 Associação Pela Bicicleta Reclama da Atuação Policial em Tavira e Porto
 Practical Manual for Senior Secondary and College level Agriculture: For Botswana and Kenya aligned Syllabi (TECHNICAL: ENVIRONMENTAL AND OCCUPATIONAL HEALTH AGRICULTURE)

---

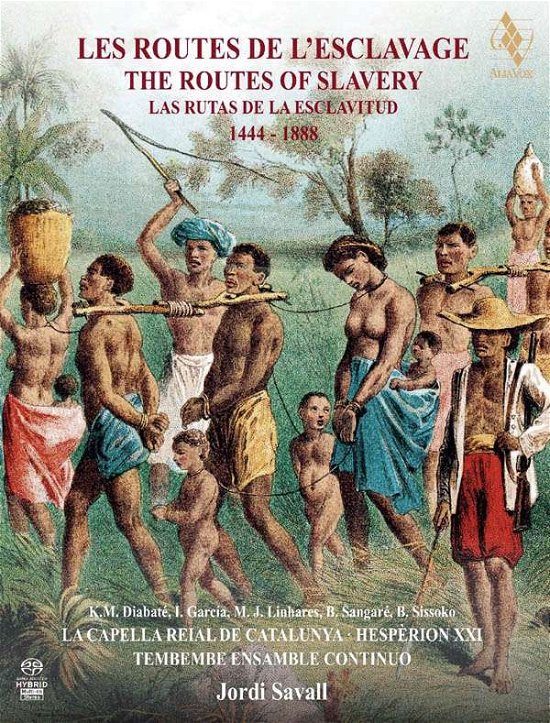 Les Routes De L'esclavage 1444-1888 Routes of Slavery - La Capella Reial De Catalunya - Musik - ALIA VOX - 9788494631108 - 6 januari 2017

...

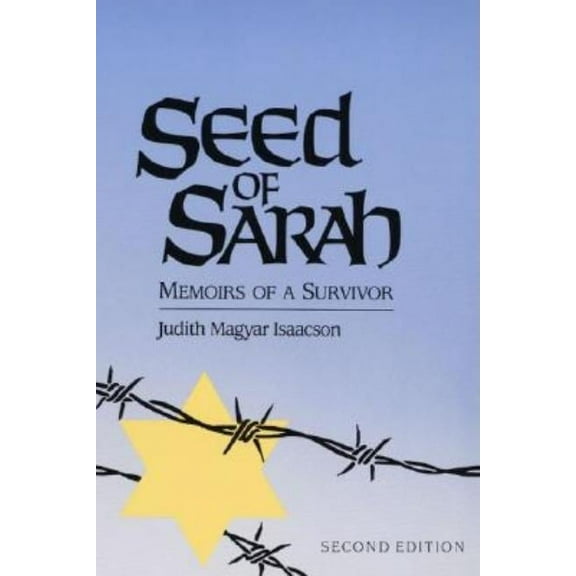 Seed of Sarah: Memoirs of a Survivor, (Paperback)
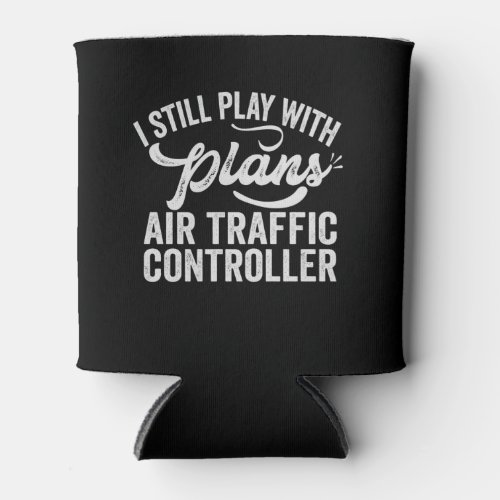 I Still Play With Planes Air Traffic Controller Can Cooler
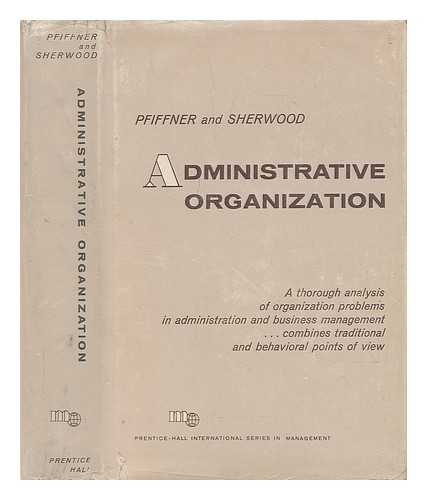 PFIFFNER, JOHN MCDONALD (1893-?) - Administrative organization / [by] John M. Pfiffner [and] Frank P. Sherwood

Work request:
In the entries above, find the line with "I Still Play" and the line with "PFIFFNER, JOHN MCDONALD". Write out exactly those two lines and every line between them, pictures excluded.

Final answer:
 I Still Play With Planes Air Traffic Controller Can Cooler
 PFIFFNER, JOHN MCDONALD (1893-?) - Administrative organization / [by] John M. Pfiffner [and] Frank P. Sherwood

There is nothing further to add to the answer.